Fortunately, you don't need to know anything more than this about hexadecimal notation, and even the preceding paragraph is added only to explain why Unicode character numbers look so peculiar when seen in a font browsing window.
Both Windows and the Mac OS now support Unicode as well as continuing to support the numbering schemes used in older font formats. This happens more or less transparently, although how you access certain characters in certain fonts will vary according to their format. This is described in detail later in the chapter, in the section "Finding the Characters You Need."
Character vs. Glyph
An important aspect of Unicode is that it recognizes that a single character may have several forms, each one of which is represented by a distinct glyph, as shown in Figure 4.5. Unicode's main concern is clear communication, not typography per se, so it does not distinguish between a simple roman A and a decorated A used for design purposes. For Unicode, the goal is simply to accurately depict a capital A as a capital A. All capital As, then, have the same Unicode number—0041—although they may be represented by alternate glyphs.
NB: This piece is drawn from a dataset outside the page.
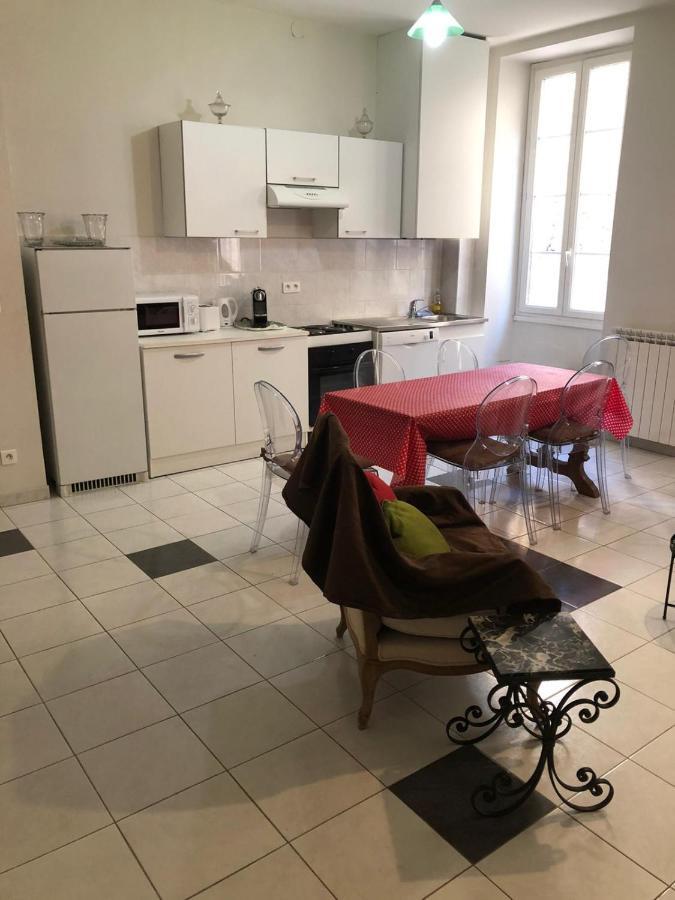 Ferienwohnung Le Carre D'Or Nizza Exterior foto
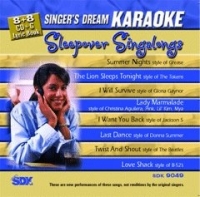 Sdkcdg9049 Sleepover Sing Alongs Sheet Music Songbook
Tracking which glyph you've chosen to use is the job of your typesetting or page layout application.
Figure 4.5 A single character with a single Unicode number can have several forms, each represented by a unique . Here, a lowercase –Unicode number 0067—from the typeface Hypatia Sans Pro can be represented by any of five alternate glyphs.
For this reason, computer tools used for browsing the contents of fonts are often called glyph palettes, and a given font's glyph set can be far larger than its character set.